Aim of the exercise:
Produce the records below again, word for word, but stop after the line that contains "The final choice".

=== Begin Enclosure ===

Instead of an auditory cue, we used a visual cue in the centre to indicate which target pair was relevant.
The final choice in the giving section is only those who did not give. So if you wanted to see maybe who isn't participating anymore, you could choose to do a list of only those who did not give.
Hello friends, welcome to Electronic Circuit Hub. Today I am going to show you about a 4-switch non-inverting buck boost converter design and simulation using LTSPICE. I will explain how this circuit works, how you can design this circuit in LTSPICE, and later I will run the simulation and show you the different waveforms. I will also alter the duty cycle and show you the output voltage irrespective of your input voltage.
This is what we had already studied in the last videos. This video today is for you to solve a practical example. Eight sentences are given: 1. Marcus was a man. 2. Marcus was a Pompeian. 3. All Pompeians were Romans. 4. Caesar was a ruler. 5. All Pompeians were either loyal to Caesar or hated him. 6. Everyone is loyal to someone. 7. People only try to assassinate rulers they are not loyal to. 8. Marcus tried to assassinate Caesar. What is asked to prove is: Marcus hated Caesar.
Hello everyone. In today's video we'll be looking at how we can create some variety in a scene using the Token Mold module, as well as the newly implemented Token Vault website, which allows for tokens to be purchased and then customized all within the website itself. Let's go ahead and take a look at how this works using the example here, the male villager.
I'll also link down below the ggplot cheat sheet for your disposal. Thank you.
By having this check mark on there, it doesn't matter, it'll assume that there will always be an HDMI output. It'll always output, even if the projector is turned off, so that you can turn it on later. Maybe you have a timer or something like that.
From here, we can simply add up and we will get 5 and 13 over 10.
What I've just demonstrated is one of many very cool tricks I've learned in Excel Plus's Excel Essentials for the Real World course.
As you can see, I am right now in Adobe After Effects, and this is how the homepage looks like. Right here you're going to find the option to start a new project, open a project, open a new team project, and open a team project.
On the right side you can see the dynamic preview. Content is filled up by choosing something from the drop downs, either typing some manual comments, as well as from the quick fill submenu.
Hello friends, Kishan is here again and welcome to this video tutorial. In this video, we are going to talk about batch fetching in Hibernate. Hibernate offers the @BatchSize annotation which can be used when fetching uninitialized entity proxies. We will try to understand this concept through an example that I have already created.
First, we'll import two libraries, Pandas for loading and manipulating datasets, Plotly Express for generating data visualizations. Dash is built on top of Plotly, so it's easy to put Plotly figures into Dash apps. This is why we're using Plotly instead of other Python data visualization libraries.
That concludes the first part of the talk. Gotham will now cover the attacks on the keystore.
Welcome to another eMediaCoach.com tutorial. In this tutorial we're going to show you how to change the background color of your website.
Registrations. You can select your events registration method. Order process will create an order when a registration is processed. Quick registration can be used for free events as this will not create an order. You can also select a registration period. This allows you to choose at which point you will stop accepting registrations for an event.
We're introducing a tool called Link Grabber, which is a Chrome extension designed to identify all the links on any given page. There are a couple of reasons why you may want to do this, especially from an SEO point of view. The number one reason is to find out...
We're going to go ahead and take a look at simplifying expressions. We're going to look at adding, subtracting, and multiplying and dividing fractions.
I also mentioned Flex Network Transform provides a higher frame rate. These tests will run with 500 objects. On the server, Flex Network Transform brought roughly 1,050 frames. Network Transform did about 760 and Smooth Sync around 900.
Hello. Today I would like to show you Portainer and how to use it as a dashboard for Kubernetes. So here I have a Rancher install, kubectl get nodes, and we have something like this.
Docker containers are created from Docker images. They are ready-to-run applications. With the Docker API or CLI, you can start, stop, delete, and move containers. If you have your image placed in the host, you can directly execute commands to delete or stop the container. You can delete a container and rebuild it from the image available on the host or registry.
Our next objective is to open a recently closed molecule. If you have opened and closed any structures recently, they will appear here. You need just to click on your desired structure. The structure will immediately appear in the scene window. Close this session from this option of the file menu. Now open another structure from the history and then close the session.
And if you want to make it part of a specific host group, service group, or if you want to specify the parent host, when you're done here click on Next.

=== End Enclosure ===

Answer space:
Instead of an auditory cue, we used a visual cue in the centre to indicate which target pair was relevant.
The final choice in the giving section is only those who did not give. So if you wanted to see maybe who isn't participating anymore, you could choose to do a list of only those who did not give.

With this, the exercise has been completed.